Since we were on "my territory", it was my task to decide where to walk. After consulting with the "natives", I followed their advice and drove us to a parking lot next to the Opera Tower. No, not the opera, the Opera Tower, where the opera once used to be.
We walked on the beach promenade towards Yaffa, where I was told there is an emerging 'scene' in the Flea Market area, especially on Thursday nights. What I wasn't told was the fact that this particular Thursday was the last day of Ramadan, a huge Muslim celebration. It seemed like the entire Muslim population of Israel was barbequing and picnicking in the beach park, in extended family formations, among considerable amounts of trash, scattered throughout the place.

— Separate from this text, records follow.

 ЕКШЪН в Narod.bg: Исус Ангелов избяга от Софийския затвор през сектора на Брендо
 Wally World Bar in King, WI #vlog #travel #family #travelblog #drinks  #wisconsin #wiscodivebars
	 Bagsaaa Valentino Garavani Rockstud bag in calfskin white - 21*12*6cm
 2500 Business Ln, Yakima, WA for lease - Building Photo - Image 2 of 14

Jaffa Clock Tower and turned east (left) towards the Flea Market. We indeed saw quite a few restaurants and bars (aka the 'scene'), but when we arrived, the shops were about to close and the restaurants still relatively empty. Israelis tend to hang out much later. We browsed some real flee market stuff and visited a posh two-story design shop with pricey furniture and household items. Carpet and rug stores abounded.

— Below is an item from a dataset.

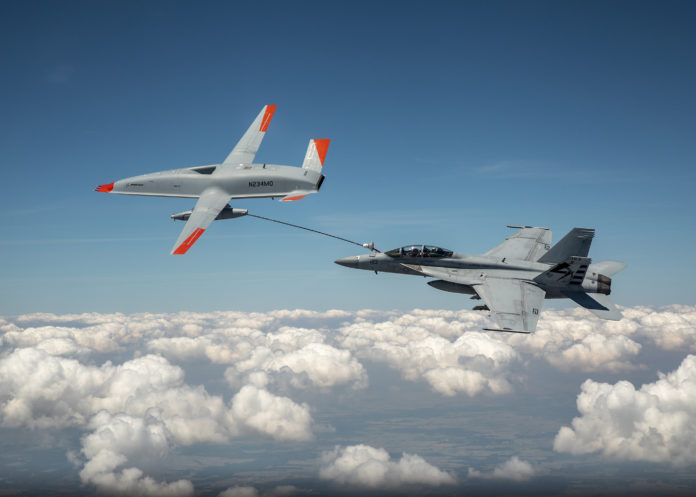 MQ-25_refueling_2 MQ-25 drone ravitaillement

After surveying the eateries, we (or was it just me?) decided to have a light dinner in an unpretentious, kiosk-like beer garden (that's what they call themselves). We waited a long time for our orders. The shredded-ice lemonade was way too sweet and had an artificial minty taste. My frankfurter was OK, but Miriam complained about excessive amounts of salt in her unevenly tossed salad.
Since Miriam is the more serious blogger among us, she came well prepared with a small notebook and a pen. While waiting for our food, Miriam wrote something in her notebook and I was curious to know what, but was too shy to ask. When done, I persuaded Miriam to buy some kürtős kalács to take home and I took an unsweetened decaf cappuccino to balance the excessive sweetness of the aforementioned lemonade.
While sipping my cappuccino on the way back (this time we walked closer to the water, but it was still unpleasant), I was wondering whether this scene is the same in neighboring Arab countries in terms of crowds and fashion-many Muslim women were wearing pants and long sleeve pullovers and sarafans and head scarfs-in this humid heat. I also thought how ignorant we are (or at least myself) of Muslim holidays, although we have a large Muslim minority in the country.
A topic that came out during our conversation with Miriam, was the music we listen to. IMO, one can know a person better by knowing what genres he or she likes to listen to. In the car, on the way back to the station, I made Miriam listen to Hungarian operettas-the genre of my childhood.